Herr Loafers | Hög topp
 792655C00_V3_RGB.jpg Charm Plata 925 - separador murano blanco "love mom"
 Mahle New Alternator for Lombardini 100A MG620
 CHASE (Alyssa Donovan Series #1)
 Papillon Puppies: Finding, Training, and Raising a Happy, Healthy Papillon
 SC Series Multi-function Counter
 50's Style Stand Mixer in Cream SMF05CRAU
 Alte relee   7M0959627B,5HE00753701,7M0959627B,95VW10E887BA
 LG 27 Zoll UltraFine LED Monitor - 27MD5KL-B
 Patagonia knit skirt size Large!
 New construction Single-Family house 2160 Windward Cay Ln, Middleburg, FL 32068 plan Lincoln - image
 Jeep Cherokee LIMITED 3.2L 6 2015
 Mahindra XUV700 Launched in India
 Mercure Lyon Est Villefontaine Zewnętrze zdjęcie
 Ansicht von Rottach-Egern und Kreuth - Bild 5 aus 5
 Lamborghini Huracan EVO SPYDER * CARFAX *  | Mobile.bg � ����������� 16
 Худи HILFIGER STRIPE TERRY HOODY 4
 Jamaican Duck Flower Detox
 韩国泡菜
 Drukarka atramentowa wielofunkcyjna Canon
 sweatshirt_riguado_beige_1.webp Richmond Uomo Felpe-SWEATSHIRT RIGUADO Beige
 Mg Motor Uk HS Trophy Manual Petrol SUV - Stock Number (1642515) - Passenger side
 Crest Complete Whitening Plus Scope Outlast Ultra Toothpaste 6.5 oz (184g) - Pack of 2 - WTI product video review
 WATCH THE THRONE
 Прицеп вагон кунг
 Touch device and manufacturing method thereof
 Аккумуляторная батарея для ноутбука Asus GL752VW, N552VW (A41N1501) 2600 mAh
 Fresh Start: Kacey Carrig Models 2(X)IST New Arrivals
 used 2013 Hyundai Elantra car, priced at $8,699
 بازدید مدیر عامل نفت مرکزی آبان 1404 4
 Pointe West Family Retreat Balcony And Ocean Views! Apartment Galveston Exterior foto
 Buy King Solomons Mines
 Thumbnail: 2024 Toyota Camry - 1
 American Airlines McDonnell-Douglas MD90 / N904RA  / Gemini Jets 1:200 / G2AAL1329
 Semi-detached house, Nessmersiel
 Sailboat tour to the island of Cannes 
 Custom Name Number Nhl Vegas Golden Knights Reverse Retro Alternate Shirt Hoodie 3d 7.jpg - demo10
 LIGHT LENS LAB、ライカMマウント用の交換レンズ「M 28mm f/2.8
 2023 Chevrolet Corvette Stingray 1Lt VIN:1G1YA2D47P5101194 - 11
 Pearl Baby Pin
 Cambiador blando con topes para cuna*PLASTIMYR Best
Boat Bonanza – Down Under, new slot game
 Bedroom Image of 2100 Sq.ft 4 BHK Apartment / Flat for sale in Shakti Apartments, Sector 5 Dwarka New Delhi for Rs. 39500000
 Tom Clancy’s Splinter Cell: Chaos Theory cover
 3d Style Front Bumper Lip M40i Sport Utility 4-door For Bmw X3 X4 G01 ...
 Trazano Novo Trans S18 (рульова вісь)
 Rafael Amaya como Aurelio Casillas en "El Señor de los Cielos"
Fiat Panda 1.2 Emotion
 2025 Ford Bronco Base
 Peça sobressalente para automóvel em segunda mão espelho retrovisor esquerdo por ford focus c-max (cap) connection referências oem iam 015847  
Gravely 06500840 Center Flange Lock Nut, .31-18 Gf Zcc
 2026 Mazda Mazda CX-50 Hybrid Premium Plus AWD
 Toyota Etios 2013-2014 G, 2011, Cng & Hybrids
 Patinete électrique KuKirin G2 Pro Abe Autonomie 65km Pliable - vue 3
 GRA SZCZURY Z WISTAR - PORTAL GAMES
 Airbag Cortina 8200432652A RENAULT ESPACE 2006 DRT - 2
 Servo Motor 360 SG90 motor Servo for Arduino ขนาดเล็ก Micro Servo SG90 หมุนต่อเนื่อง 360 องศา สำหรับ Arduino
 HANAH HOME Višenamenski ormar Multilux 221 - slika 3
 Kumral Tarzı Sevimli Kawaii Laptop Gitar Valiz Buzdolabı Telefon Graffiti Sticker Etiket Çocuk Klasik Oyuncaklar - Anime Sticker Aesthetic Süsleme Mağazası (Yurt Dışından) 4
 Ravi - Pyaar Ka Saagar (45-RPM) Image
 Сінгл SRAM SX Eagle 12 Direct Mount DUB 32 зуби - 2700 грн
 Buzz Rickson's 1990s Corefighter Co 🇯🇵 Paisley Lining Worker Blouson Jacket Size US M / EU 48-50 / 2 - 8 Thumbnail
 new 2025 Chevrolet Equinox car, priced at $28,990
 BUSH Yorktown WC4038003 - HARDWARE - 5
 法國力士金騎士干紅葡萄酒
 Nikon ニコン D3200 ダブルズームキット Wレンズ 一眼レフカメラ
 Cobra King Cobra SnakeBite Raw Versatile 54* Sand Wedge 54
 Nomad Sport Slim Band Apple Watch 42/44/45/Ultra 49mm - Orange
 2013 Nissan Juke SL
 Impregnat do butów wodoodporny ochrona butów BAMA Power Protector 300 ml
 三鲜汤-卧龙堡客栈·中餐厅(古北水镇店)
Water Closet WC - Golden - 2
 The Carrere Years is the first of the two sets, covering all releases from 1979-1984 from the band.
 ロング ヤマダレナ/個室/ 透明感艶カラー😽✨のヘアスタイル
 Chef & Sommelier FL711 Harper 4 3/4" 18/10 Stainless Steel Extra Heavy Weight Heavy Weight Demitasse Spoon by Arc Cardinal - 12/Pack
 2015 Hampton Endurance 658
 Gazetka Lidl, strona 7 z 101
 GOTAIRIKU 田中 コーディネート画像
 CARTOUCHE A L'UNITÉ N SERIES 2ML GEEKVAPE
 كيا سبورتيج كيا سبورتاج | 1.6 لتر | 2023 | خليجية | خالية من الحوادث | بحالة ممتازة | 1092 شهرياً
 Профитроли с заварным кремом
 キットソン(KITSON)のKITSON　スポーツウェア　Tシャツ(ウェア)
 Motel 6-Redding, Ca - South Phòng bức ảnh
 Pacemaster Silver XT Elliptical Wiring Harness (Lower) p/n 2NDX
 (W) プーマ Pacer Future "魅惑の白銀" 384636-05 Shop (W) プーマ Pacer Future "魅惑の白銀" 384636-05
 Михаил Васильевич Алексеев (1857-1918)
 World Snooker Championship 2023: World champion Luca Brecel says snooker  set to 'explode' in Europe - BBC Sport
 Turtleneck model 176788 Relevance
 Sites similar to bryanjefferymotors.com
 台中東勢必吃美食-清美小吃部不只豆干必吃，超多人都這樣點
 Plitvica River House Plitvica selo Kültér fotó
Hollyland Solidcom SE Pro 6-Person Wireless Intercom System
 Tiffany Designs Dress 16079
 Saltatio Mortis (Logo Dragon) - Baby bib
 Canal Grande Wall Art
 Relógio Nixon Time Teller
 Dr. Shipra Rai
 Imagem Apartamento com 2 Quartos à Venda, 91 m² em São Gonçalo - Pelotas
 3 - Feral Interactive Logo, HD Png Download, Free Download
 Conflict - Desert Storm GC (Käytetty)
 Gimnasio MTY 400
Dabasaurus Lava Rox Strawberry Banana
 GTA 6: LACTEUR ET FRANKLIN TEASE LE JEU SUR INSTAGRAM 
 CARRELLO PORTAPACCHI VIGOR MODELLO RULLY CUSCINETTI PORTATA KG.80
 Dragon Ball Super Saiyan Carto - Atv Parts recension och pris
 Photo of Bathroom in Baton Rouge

--- EXERCISE REQUIREMENTS ---
When a line among the entries contains "Pack", pull that line out.

--- RESPONSE AREA ---
 Crest Complete Whitening Plus Scope Outlast Ultra Toothpaste 6.5 oz (184g) - Pack of 2 - WTI product video review
 Chef & Sommelier FL711 Harper 4 3/4" 18/10 Stainless Steel Extra Heavy Weight Heavy Weight Demitasse Spoon by Arc Cardinal - 12/Pack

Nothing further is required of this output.